Throughout the book, Scheffel also avoided the glorification of war, while remaining critical of the decisions he had made in battle.
As the book progresses, you see Scheffel maturing into an inspiring leader. He recalled once in North Africa when one of his young soldiers was afraid to pull his trigger:
The fog continued to lift and we saw three Germans on the forward slope get out of their holes and begin setting up a machine gun. We watched them work hard, digging the gun in solid, orienting it to face us.
I eased my Springfield [rifle] into a firing position and looked at my new troop. "What are you going to do?" I said.
"I don't know."
"What should you do?"
"I guess I should start shooting."
"Well," I said, "why aren't you shooting then, soldier?"
He stared at me. "Sir, if I shoot at them, they'll shoot back."

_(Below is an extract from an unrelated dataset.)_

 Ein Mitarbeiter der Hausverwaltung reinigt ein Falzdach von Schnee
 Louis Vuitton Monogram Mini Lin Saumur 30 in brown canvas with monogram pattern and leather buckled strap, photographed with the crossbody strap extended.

"Look," I said, "are you going to wait for them to get set up?" I kept my eye on the Germans because I was going to unload my rifle at them if they started to get behind their weapon.... "Do you know what's going to happen if you don't start shooting?... They're going to pick you off. What are you going to do now?"
"I guess I'm going to start shooting, sir." He raised his rifle, squeezed one off, and a German with his back to us crumpled.
"You got him!" I said.
"I did! I did!"
That episode of Scheffel offering gentle guidance to his young soldier is also one of the many passages where he gives you the feel of the war on the front line. The grand strategies you read about in other books become somewhat meaningless. It really mattered little to the daily lives of the Army grunts if the German supplies into Tunisia were waning or if the German armor movements were being limited by Allied air superiority. Instead, what mattered to infantrymen was surviving the mission taking the next farmhouse or digging two-man foxholes so the riflemen could support each other.
In his plain language, Scheffel offers his experience of the war as a front line infantry officer, something that is unique and priceless. "Each person's life, if truthfully told, would make a great story", said Ernest Hemingway. With the help of Camroc Press' Barry Basden, Scheffel's experience made Crack! and Thump among the most candid and insightful pieces of work that gave hint to the ground war in WW2.